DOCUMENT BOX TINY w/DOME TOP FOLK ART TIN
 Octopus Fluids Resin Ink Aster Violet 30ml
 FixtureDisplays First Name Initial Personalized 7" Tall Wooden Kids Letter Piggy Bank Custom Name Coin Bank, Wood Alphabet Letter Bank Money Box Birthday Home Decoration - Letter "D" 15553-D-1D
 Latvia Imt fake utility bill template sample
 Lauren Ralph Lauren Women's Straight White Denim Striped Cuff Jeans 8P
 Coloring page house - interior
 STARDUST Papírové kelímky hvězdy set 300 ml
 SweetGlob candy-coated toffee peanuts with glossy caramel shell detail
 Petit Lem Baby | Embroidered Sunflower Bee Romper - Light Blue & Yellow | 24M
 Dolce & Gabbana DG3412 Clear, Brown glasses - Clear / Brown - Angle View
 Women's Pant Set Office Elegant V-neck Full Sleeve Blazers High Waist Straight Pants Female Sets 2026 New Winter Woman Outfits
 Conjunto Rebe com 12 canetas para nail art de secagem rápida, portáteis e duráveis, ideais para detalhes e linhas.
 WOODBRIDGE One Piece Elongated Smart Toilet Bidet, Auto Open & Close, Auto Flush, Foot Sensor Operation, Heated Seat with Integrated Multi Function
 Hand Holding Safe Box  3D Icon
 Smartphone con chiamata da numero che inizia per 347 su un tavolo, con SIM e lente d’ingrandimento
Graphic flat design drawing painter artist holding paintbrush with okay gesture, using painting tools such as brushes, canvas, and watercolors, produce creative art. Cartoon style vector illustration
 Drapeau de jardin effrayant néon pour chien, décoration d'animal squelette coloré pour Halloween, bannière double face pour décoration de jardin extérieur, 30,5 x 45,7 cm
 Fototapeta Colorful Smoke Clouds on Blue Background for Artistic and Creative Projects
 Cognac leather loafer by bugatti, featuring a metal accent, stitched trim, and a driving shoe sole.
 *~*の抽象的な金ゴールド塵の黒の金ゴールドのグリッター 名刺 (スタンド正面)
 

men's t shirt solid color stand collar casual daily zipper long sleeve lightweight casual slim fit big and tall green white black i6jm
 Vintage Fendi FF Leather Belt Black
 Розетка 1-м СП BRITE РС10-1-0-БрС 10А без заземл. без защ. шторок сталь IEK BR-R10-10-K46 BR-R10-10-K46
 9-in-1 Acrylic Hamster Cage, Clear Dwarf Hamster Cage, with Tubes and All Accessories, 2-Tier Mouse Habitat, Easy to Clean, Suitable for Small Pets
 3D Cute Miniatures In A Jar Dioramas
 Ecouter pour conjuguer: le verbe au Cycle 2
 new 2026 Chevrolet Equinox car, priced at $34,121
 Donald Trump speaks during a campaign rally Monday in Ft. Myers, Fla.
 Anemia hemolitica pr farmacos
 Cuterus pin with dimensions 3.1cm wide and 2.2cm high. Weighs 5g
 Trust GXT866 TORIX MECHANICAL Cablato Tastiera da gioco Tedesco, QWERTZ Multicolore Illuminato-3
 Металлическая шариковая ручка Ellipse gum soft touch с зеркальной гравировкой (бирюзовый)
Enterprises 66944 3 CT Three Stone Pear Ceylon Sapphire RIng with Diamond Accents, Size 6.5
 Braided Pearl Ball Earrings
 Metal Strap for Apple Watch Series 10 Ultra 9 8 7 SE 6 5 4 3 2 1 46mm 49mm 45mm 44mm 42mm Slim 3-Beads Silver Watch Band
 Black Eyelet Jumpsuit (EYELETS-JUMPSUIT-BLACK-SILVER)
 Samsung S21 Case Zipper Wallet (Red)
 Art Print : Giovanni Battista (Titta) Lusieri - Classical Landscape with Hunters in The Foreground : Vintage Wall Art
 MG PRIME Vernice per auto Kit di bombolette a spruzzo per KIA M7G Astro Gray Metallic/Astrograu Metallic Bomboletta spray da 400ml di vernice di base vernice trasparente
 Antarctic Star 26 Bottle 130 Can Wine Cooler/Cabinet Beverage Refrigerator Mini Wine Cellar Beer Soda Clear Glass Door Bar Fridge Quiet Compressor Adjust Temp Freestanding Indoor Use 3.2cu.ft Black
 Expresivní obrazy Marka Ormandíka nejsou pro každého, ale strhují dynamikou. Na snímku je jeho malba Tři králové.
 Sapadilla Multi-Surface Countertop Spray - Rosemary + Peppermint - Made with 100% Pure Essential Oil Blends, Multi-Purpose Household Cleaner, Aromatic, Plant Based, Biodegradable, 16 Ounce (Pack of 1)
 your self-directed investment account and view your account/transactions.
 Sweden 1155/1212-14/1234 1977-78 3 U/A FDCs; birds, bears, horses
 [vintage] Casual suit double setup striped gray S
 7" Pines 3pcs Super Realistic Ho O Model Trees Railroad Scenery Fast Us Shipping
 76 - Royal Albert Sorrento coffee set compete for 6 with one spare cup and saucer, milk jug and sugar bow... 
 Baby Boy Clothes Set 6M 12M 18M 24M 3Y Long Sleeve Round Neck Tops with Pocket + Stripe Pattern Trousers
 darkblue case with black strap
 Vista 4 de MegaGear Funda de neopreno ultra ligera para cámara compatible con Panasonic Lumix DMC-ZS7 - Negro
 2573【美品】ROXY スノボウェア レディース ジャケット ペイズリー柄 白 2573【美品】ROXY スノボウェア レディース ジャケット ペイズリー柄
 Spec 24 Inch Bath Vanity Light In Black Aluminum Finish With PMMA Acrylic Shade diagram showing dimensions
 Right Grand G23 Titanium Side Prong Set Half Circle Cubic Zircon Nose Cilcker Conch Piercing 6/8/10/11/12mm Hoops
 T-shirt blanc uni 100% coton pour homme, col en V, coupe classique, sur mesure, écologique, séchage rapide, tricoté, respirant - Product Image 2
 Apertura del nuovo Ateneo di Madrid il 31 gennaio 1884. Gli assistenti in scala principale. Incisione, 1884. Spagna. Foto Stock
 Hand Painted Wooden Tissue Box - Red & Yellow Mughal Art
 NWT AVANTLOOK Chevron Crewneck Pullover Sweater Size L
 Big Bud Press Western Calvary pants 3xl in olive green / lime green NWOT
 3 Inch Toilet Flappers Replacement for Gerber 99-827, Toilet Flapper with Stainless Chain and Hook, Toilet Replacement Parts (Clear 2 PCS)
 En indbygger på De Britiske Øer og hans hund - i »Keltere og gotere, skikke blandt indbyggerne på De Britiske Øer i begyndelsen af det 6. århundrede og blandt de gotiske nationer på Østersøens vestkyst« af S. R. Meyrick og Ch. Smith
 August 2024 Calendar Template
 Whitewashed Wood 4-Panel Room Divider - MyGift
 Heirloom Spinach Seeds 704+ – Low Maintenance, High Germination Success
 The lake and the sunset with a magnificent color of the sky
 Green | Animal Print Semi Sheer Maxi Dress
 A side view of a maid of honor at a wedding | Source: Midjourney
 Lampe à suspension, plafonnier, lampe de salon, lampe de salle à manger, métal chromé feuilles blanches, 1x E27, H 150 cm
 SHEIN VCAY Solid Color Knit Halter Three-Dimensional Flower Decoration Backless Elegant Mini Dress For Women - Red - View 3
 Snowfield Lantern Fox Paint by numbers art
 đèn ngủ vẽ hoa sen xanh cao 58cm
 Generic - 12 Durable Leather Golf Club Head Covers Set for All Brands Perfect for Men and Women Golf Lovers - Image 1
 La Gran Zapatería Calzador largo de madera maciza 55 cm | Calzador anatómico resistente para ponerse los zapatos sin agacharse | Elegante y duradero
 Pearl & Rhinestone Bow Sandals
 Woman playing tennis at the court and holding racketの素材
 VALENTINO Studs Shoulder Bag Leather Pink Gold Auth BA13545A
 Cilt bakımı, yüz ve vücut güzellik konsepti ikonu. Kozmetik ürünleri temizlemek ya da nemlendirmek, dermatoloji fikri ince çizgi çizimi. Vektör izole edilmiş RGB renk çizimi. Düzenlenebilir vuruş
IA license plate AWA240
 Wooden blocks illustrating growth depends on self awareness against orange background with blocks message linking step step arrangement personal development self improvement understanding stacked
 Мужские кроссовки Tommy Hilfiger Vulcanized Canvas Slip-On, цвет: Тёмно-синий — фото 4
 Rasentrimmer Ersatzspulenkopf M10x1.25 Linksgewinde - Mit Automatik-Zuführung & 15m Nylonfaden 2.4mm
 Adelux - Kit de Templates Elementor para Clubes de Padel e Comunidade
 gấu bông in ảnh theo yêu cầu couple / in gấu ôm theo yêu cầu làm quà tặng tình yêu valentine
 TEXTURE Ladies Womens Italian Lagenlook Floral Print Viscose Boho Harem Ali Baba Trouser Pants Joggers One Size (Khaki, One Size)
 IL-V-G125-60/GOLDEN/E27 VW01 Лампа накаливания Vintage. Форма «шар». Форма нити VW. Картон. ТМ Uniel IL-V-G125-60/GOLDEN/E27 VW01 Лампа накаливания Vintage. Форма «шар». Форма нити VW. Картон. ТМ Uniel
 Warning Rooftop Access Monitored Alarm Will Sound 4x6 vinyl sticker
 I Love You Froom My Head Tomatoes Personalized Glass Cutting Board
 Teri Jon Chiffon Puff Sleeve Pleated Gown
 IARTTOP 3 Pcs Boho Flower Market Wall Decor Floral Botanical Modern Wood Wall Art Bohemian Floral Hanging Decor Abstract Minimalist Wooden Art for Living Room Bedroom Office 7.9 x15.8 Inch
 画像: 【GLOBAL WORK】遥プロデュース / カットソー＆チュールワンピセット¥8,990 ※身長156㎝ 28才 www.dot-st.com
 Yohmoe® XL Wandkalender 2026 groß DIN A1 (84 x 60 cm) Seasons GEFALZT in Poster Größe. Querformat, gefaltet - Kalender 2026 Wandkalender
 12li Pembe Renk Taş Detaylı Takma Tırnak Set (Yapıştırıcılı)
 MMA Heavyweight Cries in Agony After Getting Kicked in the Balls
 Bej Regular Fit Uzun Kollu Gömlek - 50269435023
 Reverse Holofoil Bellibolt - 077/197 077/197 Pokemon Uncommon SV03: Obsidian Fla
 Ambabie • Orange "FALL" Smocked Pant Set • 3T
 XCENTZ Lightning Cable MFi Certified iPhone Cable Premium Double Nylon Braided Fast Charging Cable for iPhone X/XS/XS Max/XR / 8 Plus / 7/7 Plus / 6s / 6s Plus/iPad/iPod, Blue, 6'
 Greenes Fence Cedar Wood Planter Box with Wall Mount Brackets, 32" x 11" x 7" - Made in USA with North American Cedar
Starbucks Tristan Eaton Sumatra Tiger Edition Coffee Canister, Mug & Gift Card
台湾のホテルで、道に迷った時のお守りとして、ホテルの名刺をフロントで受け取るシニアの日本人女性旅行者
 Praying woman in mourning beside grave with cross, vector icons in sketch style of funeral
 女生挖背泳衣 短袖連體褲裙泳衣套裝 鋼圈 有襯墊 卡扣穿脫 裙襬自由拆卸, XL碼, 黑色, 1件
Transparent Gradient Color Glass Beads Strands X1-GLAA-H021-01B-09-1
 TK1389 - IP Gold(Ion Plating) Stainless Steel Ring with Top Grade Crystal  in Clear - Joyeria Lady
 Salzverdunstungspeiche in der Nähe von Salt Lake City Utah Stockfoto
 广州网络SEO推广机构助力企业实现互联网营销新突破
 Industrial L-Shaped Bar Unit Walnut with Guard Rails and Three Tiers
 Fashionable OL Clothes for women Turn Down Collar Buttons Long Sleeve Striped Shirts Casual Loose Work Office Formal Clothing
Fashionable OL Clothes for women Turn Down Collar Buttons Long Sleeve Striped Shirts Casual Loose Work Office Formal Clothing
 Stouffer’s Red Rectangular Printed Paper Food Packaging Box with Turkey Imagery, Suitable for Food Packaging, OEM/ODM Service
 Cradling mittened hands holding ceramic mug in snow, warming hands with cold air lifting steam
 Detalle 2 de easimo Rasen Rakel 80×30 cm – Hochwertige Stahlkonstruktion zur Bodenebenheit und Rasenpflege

•••

Your assignment:
Using the listing above, work out the number of lines that include "Acrylic". The reply is that number alone.

Solution:
2